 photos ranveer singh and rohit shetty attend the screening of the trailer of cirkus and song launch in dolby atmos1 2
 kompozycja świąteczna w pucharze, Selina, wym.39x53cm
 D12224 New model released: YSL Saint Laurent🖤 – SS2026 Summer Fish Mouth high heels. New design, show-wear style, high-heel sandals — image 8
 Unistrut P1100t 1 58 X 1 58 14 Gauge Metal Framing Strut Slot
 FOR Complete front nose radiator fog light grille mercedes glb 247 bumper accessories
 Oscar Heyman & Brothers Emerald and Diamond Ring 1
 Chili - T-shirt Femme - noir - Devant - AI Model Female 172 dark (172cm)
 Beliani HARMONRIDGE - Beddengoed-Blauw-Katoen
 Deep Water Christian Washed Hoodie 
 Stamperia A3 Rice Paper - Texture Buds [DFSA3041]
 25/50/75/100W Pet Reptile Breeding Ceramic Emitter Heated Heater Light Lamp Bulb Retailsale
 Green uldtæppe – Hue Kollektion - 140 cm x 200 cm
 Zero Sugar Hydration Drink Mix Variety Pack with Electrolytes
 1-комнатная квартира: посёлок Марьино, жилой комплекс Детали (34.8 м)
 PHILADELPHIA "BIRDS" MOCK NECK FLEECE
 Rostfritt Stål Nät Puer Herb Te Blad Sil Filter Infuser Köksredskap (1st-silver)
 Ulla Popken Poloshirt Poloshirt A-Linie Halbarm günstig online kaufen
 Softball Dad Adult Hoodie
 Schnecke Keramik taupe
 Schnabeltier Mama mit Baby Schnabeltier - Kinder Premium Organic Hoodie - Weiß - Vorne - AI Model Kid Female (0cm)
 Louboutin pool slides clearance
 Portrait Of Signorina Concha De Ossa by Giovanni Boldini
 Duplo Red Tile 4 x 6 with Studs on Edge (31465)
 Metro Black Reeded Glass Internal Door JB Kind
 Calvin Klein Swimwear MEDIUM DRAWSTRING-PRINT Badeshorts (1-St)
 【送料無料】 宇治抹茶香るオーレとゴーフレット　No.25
##########
▶ **GOAL OF THE EXERCISE**: Reading through the records above, report each line in which the string "with" is found.

▶ **ANSWER SECTION**:
 Zero Sugar Hydration Drink Mix Variety Pack with Electrolytes
 Duplo Red Tile 4 x 6 with Studs on Edge (31465)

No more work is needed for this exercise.